Karen Jensen, TLT says
Desiree,
I agree, which is part of the reasons why I choose to talk publicly about my struggles on this blog and in my personal life – normalizing and de-stigmatizing mental health issues is important. I hope that parents do and will continue to talk to teens about these issues, though we both know that many won’t.
My only caution to librarians is to remember that we are not mental health professionals and to engage with our teens with this in mind. And I imagine this topic is an important reminder that we should find out what our response should be – both legally and as compassionate adults – if we feel that a teen expresses genuine suicidal thoughts with us.
Karen
Kris says
Thank you, Karen. I agree with you that as librarians we need to figure out our response and make sure that students see help from professionals.

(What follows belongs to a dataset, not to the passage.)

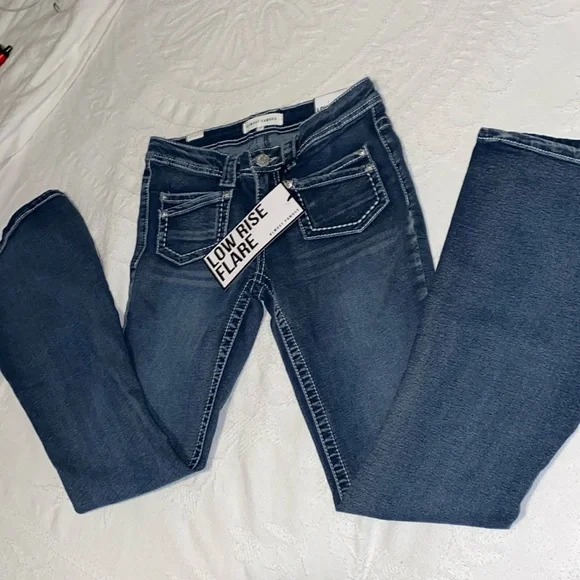 Almost Famous Jeans Almost Famous Low Rise Flare Heavystitch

I have not seen the show and I don’t know if I want to see it. I read the book 10 years ago and started to reread it this week and still think its a great book. As a school librarian and an individual who has dealt with depression and suicide most of my life- I thought the book did an excellent job in showing how suicide effects everyone. I saw Hannah’s tapes as a “suicide letter” as to why she was doing this. Its not just one person- its usually a lot of things that add up. Those issues are usually caused by lots of interactions with people, but the common denominator is how depression makes you interpret those experiences and interactions with people. For teenagers (and lots of people) we always want to find blame or whose responsible for it. Hannah’s reaction to everything she experienced and not having any professional mental health is to blame others. Its when you stop blaming others and start blaming yourself that you think suicide is the only option.

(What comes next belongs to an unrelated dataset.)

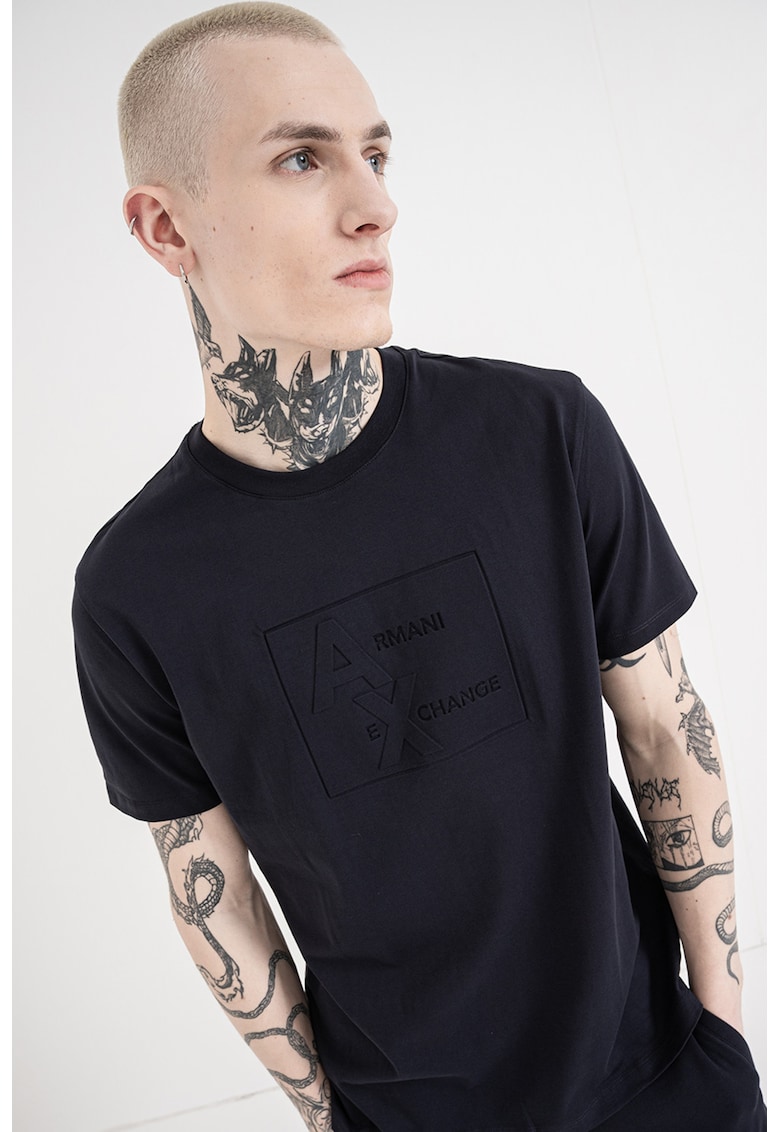 Tricou de bumbac cu decolteu la baza gatului - Bleumarin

I fear that censors will have watched the show or read all the criticism about the show and then censor the book. The book is insightful and helpful. It really helped me to realize how lost my family and friends and students would be without me in their lives.
Nikki L. says
Thank you for a very thorough explanation of what you see and hear in both the book and the show. Our middle school library had to order extra copies of the book because so many kids were requesting it, and I do think the teachers have been using the book as a way to open dialogue about the many issues it touches on. We are not recommending the show for many of the same reasons you listed. I understand from a creative perspective why the producers decided to show things so graphically, but as a librarian, parent, and person, I don’t want anyone I care about watching any of that violence. No one knows how something like that is going to hit them until they see it, and then it’s too late to stop whatever harm may happen. Thanks again for a frank and open discussion.
Tara says
My high school book club read this book. The kids loved it. I did not like it at all. It was much too graphic for me and I am not a prude. I haven’t watched the tv show. I’m not sure that I want to.
Iris Black says
The reality is that you cannot block out adversity for your teen. The only way forward is to prepare them to cope with difficult issues, from homosexuality to depression and suicide. The more we talk with our teens, the more we encourage healthy coping strategies.